Similarly, Bitcoin, Gold or Silver markets have been on the rise around election day. Furthermore, the S&P500 index has had a long-term positive trend, but the closer the election draws, the more the index tends to stagnate or decline. Indeed, even if there were moments of upturn between September and November, the weeks closer to the elections mainly consist of stagnation and drops, as investors hold their breath and their savings.
This trend can also be observed with the Dow Jones and Nasdaq indexes. Indeed, even if the financial markets are also impacted by the coronavirus pandemic, the impact of the US presidential election is still obvious: the closer the election gets, the greater the drops.
Volatility has also worsened near the elections: the index is now at 32. Usually such a number would indicate an upcoming crash. The possible consequences on the markets of Wednesday’s outcome are all the more considerable as the two candidates have very different programs, and as no one would, after 2016, dare to predict the result of the election. Biden is admittedly the candidate most likely to win according to survey institutes, but betting odds are higher now for Trump than what they were in 2016, and he was then the one elected.
The election will determine many things, ranging from the dollar’s value to the evolution of shares, depending on whether a stimulus plan will be passed or not and on the industries favored by the next POTUS. Indeed, markets love stability and according to LPL Research, in the short term, Wall Street will do better if the ruling party remains in charge. This is indeed illustrated by the graphic bellow.

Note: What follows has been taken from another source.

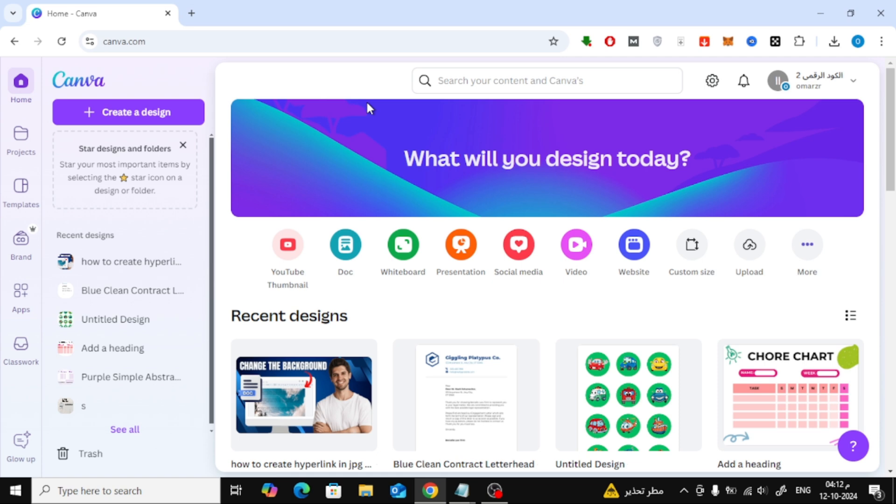First, go to the Canva homepage. Once you're there, click on the Create a Design button on the left-hand side.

Moreover, some sectors will back Donald Trump even if his policies have unpredictable consequences on the international stage, as he promises to lower taxes and protects polluting industries, even rejecting the idea of man-made global warming. If the Republican candidate wins, the dollar would rise by 0.2% against the euro and 0.5% against the yuan in the next hours.

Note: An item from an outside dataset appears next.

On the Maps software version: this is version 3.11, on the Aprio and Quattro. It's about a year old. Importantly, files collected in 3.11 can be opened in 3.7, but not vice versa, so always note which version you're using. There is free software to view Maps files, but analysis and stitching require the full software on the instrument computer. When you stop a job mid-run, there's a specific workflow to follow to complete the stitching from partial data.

If J. Biden wins, it would be the opposite. Indeed, the Democrats’ candidate is planning on raising taxes (from 21% to 28% for the corporate income tax), spending and increasing regulation. His main idea to boost the economy is a massive stimulus plan.

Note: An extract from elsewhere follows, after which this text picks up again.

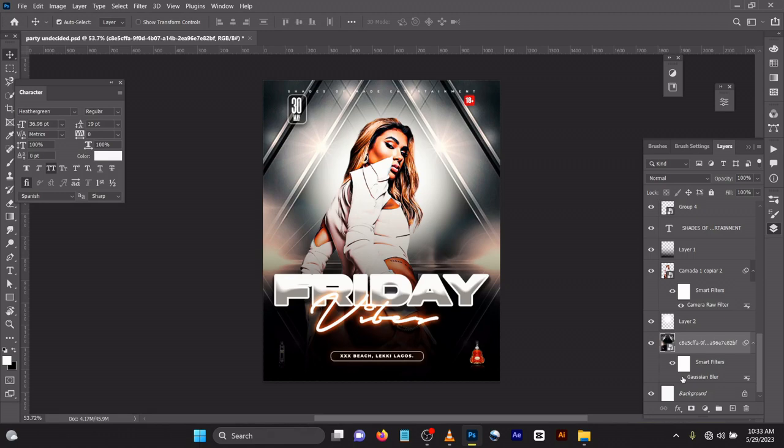Hello guys, welcome back to my channel, this is Shades of My Day. Today as usual I'll be giving you a quick tutorial. I got this PSD flyer and I'll be dropping the PSD file in the link below, so please do well to stay for the end of the video to get the stuff.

Sectors such as oil, banking and infrastructure may be reluctant to these measures, all the more so as it would lead to a debt increase. However, it would also lead to an increase in the issuance of U.S. government bonds, and to the dollar dropping in the hours following the election (+0.45% for the euro and the renminbi), consequences which could attract investors to the USA.
Indeed, the lower the dollar is, the more investors can buy shares and invest in the country. This Tuesday, November 3rd, the European, Asian and American markets were on the rise, as all bet on Biden’s victory and above all on his recovery plan. This Tuesday morning, the Dow Jones rose by 2.4%, the S&P 500 grew by 2.2% and finally the Nasdaq increased as well by 2.1%.
However, the consequences of the US election on financial markets will not be as important in the long run than what is commonly expected. Indeed, central banks have a lot of power on the rise or fall in financial markets. The graphic below shows it clearly.
If central banks do not have a structural solution to the uncertainty of markets nor to its volatility, they do have power on economic growth because the more liquidity is injected, the more reassured investors are.
In fact, since the 2008 crisis, central banks administer the financial market. They are the ones enabling markets to function correctly. No matter who is elected or what decisions the new president may take, central banks will be there to balance and regulate the markets.
Due to the US presidential election, there is a risk of market turbulence in the coming days and weeks. Whether it is a change in the industries and assets preferred by investors (from oil to U.S. government bonds, for example, if Biden is elected), in the exchange rates or in the evolution of stocks, the election will determine many things, even if in the long run, the decision of the American people will be balanced out by the central banks, and in particular the FED.
However, according to investment funds such as IG Bank, volatility and uncertainty will not end with the appointment and inauguration ceremony of the new president, as the coronavirus pandemic rages on and continues to impact economies and financial markets worldwide.